Last time, I reported the lack of stability of my career in 2021. The “dream job” didn’t work out, and after feeling jaded and burnt out, I ended the year reinventing myself, moving into a different type of role that was out of my comfort zone.
So far it’s been good, and my goals were focused on settling into my team and understanding my role – the former has been achieved, the latter… not so much.
I’ve been spending time working with a career coach to set out some objectives that will help me embed into the role, but still I was on a networking call the other day and the person said to me
“You’re the team’s new engagement lead, what does that job actually mean?”
I’m embarrassed to say, but I couldn’t clearly say what my role was about, therefore one of my new goals is to be explain what my role is to a stranger in a two-minute elevator pitch.

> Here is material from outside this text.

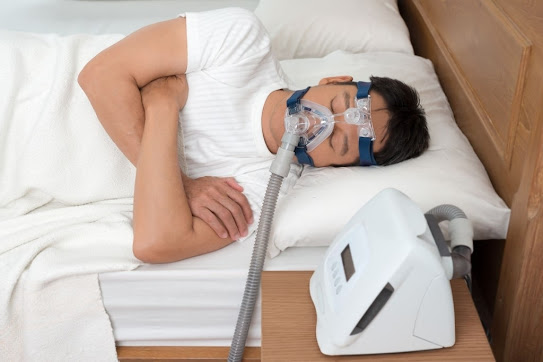 man wearing a cpap machine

Lesson learnt: this is the most demanding role I’ve ever worked in, and it’s been a real challenge to incorporate the “sharpening the saw” type activities popularised by Stephen Covey. It’s really important to allow reflection time to support your development. My aim is to ensure I’m allowing enough time for this focus and set expectations so my team doesn’t always steamroller into this.
In my end of year reflection, I mentioned how pressured I felt in 2021. For this new year, so far, so good.
It’s been a pleasure to get back to a regular gym schedule, and a relief to be back in a job that gives me lots of satisfaction.
This has resulted in me being more compassionate to myself, and stop putting so much pressure on myself. As a result, I feel content with life, rather than thinking it’s a daily battle until retirement.
Now to be accountable – I need to be more present for my family. Last year I could blame that on circumstance, but now, well, I need to do better.
In the spirit of self-compassion, I recognise what I need to change, I hope the headspace at work will allow me to be more mentally present around my children, rather than looking at things to block them out.
Lesson learnt: I recently read this great Twitter thread about switching off, it made me realise I need to spend more time away from technology and enjoy the moments. Shortly after reading this, I took the dog on a lengthy walk, and felt rejuvenated being able to think and come up with solutions to problems.
Note to self: I need to take the dog on more long walks.
With the gyms staying open in 2022, I’ve been able to train to my programme without having breaks or closures.
Keeping my previous strength achievements (bench and squat) maintained, I’m now focused on these two milestones:
- Deadlift 200kg
- Overhead press 100kg
I’ve been frustrated by my deadlift since the first UK lockdown in March 2020, where I was so close to reaching my goal. Each open and close was simply an exercise of trying to regain lost strength, than reach new personal bests.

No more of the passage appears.